Panel aims to debunk ‘anti-regulatory myths’

As a result, many rules have stalled at the White House Office of Information and Regulatory Affairs (OIRA), which is charged with vetting federal agency rules, Shapiro said.

Shapiro argued that regulations prompt companies to hire compliance officers and other workers, sparking economic activity.
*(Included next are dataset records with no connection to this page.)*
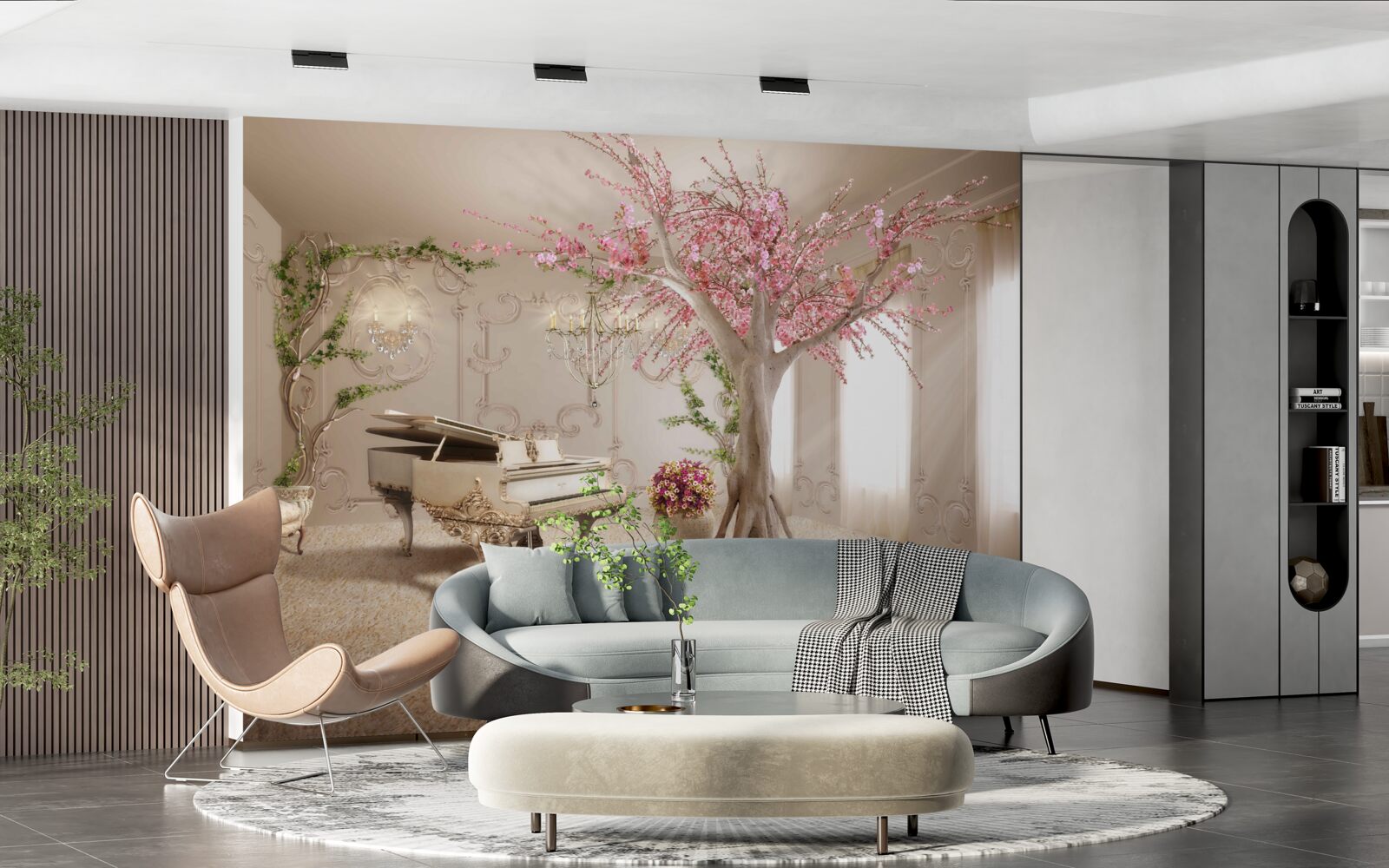 Fototapeta magiczny salon z drzewem sakura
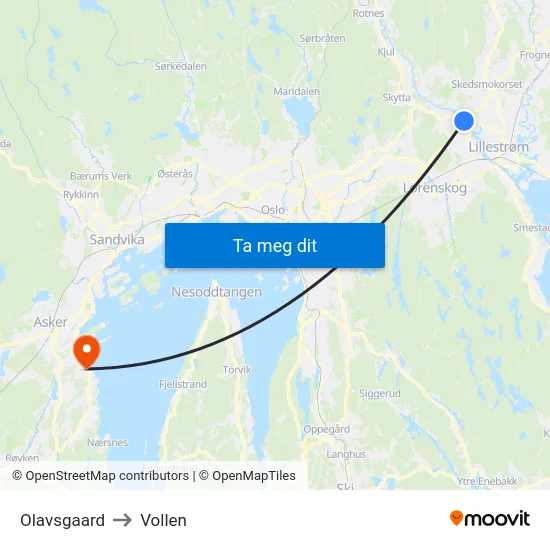 Olavsgaard to Vollen map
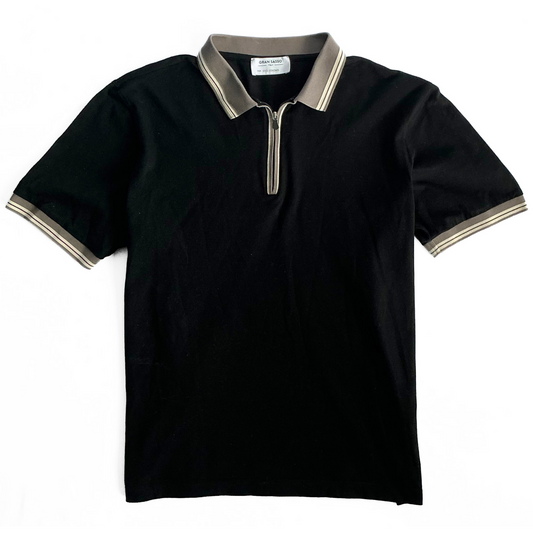 Gran Sasso for Syd Jerome Ribbed Half Zip Polo Shirt in Black / Beige / White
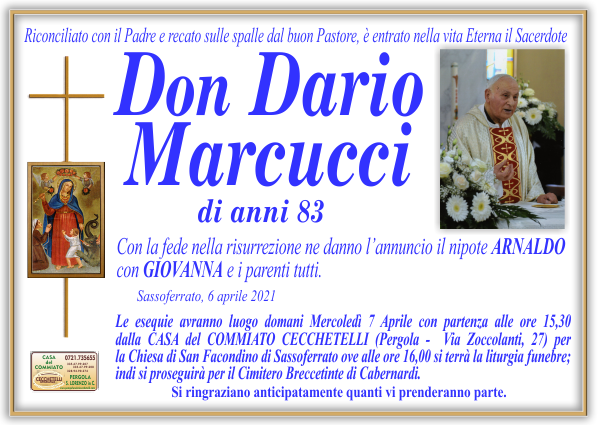 manifesto funebre di Marcucci Dario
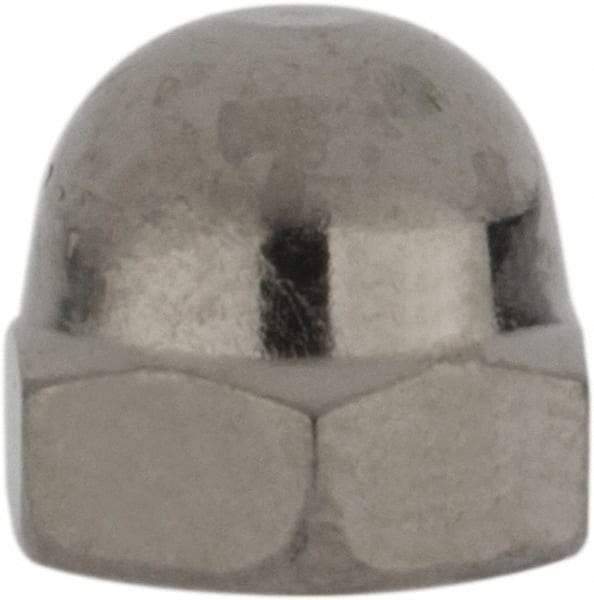Value Collection - #8-32 UNC, 5/16" Width Across Flats, Nickel Plated, Brass Acorn Nut - 1/4" Overall Height - Exact Tool & Supply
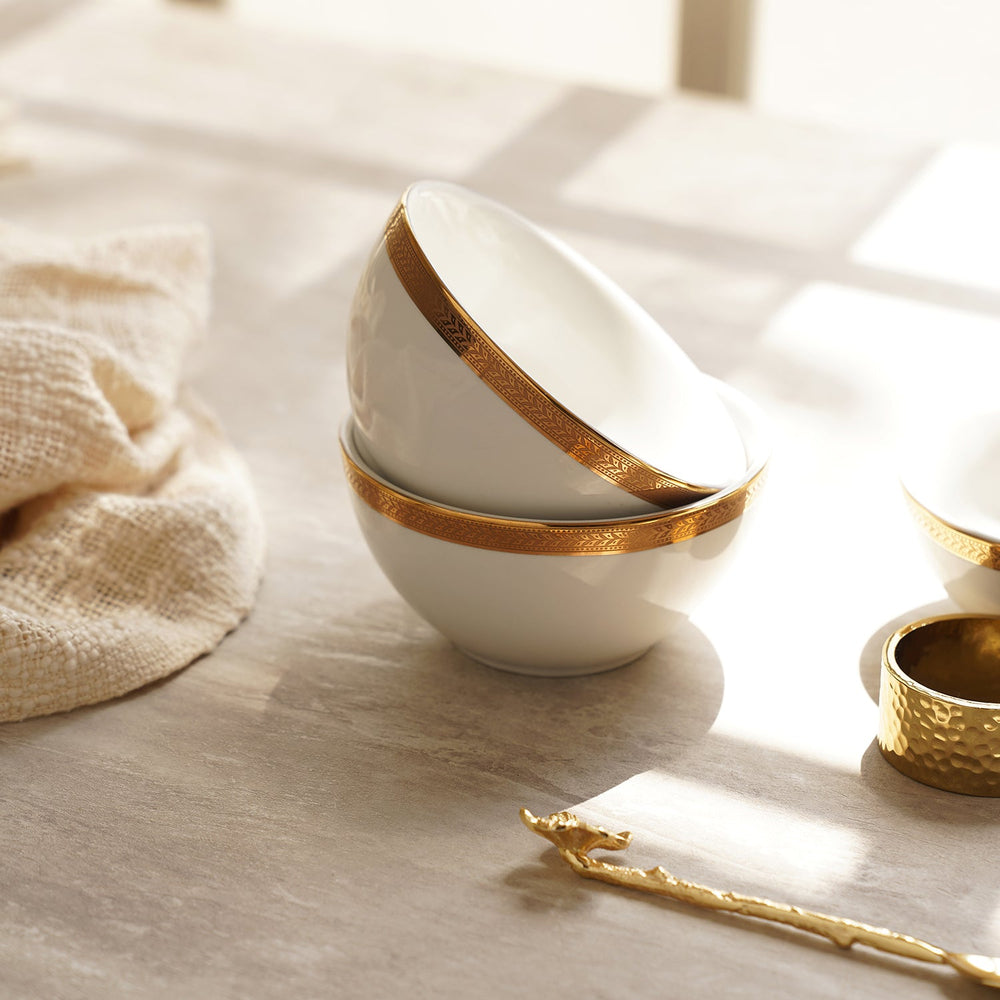 Set Of 2 Classic Gold Herring Bone Design Side Bowl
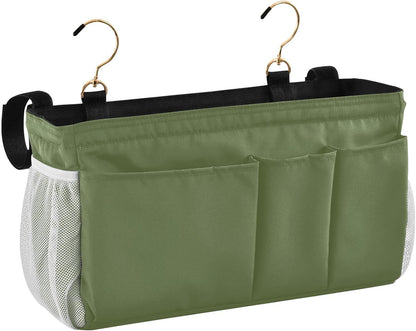Black Bedside Caddy Storage Bag Bedside Organizer for Bed Rails College Dorm Room Organizer Caddy Hanging Shelf 6 Pockets with Hooks for Drinks Magazine Phone Holder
He said many regulations generate as many jobs than they cost.

“In any case, its not job killing,” he said.

Peg Seminario, director of occupational safety at the AFL-CIO, said there is no truth to the oft-evoked narrative that President Obama is presiding over an avalanche of regulations.

“In my area of the world, there has not even been a ripple,” said Seminario, who added that just two significant worker safety rules had been enacted on Obama’s Watch.
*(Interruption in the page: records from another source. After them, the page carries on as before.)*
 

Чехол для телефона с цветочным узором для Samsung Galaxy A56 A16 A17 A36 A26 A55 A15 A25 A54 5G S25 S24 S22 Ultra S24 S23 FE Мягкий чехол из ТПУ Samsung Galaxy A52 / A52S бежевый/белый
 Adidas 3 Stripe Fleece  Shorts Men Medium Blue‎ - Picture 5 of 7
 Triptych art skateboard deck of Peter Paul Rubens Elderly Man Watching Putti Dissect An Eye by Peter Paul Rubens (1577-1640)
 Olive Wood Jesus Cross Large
Meanwhile many more languish, including a rule to limit construction and shipyard workers’ exposure to harmful silica dust, which has been stuck at OIRA for over two years.

Shapiro, Seminario John Walke, clean air director for the Natural Resources Defense Council (NRDC) said their defense of federal regulations comes as congressional Republicans press a series of bills that would further slow the rulemaking process.

The measures would add new analytical requirements on agencies charged with drafting new rules, rein in independent agencies’ regulatory authority and  give Congress a say over major proposed rules.

The latter proposal, known as the REINS Act, would subject rules to the same process that has ground most legislation to a halt in recent years, Shapiro said.

“This literally would end government regulations,” he said.